Composting Made Easy With Bokashi

Composting Made Easy With Bokashi
Composting Made Easy With Bokashi
Fr. Richie gomez of the ministries of sacred heart

The Cravings Group (TCG) which is in the restaurant business has partnered with a religious group to promote a practical way of converting household wastes into organic fertilizer right at home.

The company, headed by Ms. Annie Guerrero, has partnered with The Missionaries of the Sacred Heart headed by Fr. Richie Gomez, MSC and Sr. Sonia Silverio SNDS to promote the use of the Bokashi technology among households nationwide.

The Bokashi technology was developed by the Japanese and practiced widely not only in Japan but also in Korea. It is a technique that is easy and costs little to adopt, especially now that the Bokashi Bin and Mix is available in the Philippines, manufactured and distributed by communities authorized by the Missionaries of the Sacred Heart.

The household wastes are placed in an airtight bin where they are fermented by beneficial microorganisms. Because the bin is tightly closed, no flies and other pests will contaminate the materials being composted. In two weeks, the materials will be fully composted and can already be used as fertilizer.

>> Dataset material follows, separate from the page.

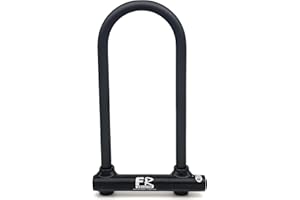 FR SECURITE H340-I Antivol U Homologué Classe SRA Bloque Disque Acier Trempé Ø18 120x310mm + Rappel Sécurité Câble Moto Scooter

Here’s from the handout of The Cravings Group: “To make your own bokashi, you need the following: bucket or drum with lid plus a perforated catchment inside to filter soil and a drain faucet at the bottom, a starter bokashi mix (composed of a combination of burnt rice hull, rice bran, copra, etc.), bokashi juice (contains beneficial microorganisms) and organic waste matter (any kitchen waste – raw, cooked and even meat and liquids).”

It goes on: “Start with a handful of bokashi mix and organic waste at about 2 inches high. Mix it well and cover the lid. Spray it with bokashi juice to enhance the fermentation process. Do this layer by layer until the container is filled up. Make sure to close the lid tightly then leave it for 2 weeks. The waste does not degrade since it has transformed into a rich fertilizer.”